Governments worldwide are no longer hesitant to crack down on social media companies and their executives. In August, Pavel Durov, the billionaire founder of the Telegram messaging app, was arrested in France as part of a broad investigation into criminal activity on the platform. Days later, a Brazilian Supreme Court justice blocked access to X, one of the country’s most popular social networks, amid a showdown with owner Elon Musk. And this month a Washington D.C. district court will hear arguments about whether the U.S. government can ban TikTok.
Lost in the noise generated by these high-profile disputes, India’s attempts to regulate Western social platforms have received little attention.

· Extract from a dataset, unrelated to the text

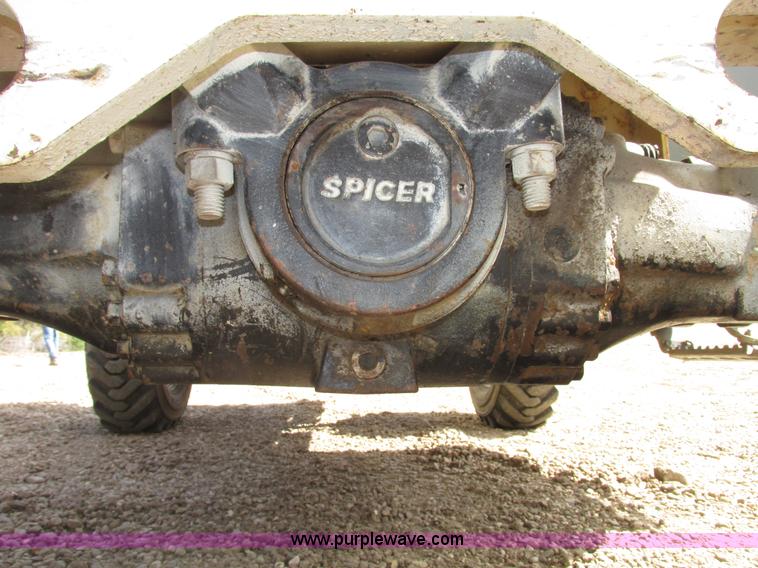 image for item G9939 2005 Terex TH644C Hi-Profile telehandler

That may change soon, though, as two recent court cases concerning Wikipedia raised alarms after a high-court judge threatened to ban the encyclopedia if identified users weren’t unmasked and a spokesperson for the ruling Bharatiya Janata Party (BJP) labeled the site as part of the “Western deep state.”

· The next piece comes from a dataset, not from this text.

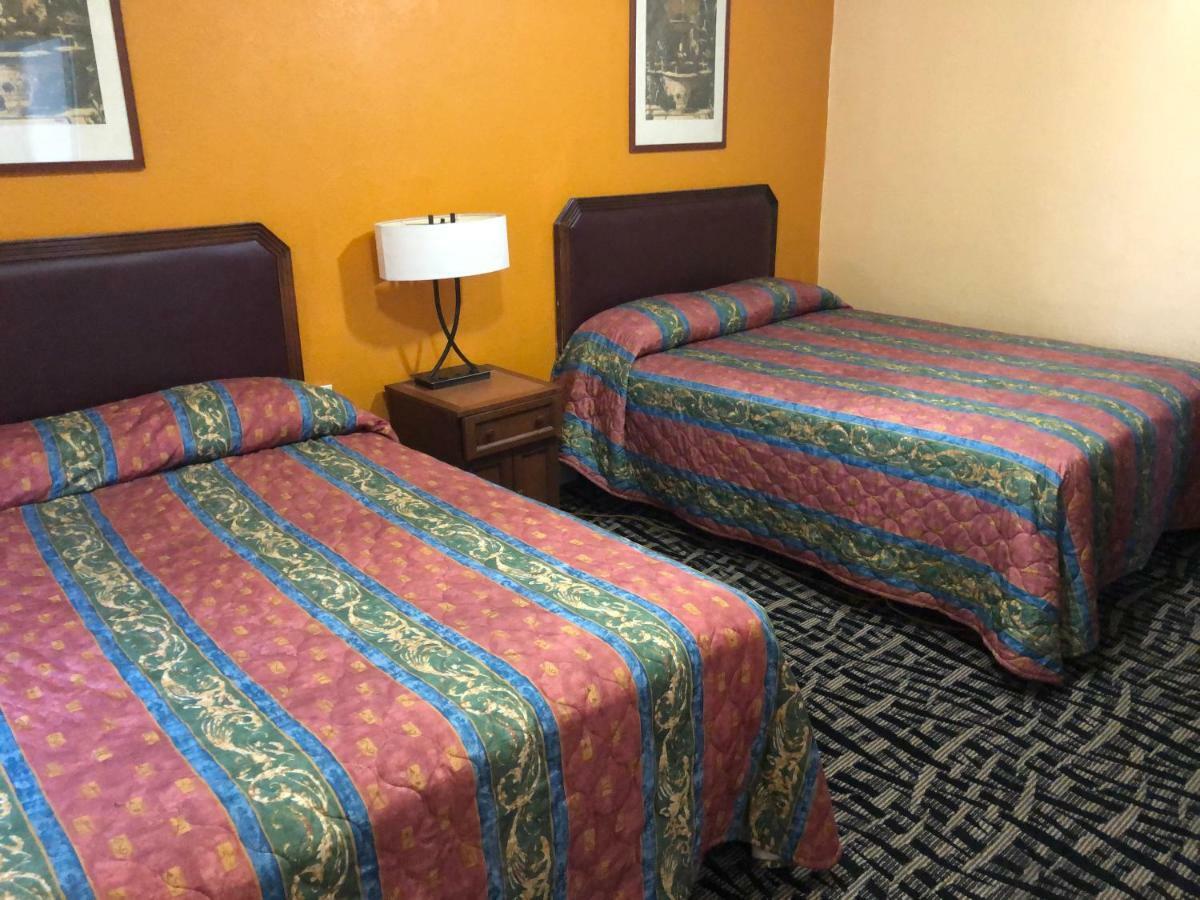 Ruta Motel Indio Eksteriør billede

Wikipedia’s parent company, the Wikimedia Foundation, is accustomed to such legal threats, many of which are documented in a lengthy Wikipedia article titled “Litigation involving the Wikimedia Foundation.” In similar previous cases, the San Francisco-based nonprofit has always affirmed that it is “strongly committed to protecting the privacy of editors and users on Wikimedia projects.” To this end, its privacy policy explicitly states it collects “very little personal information” about users.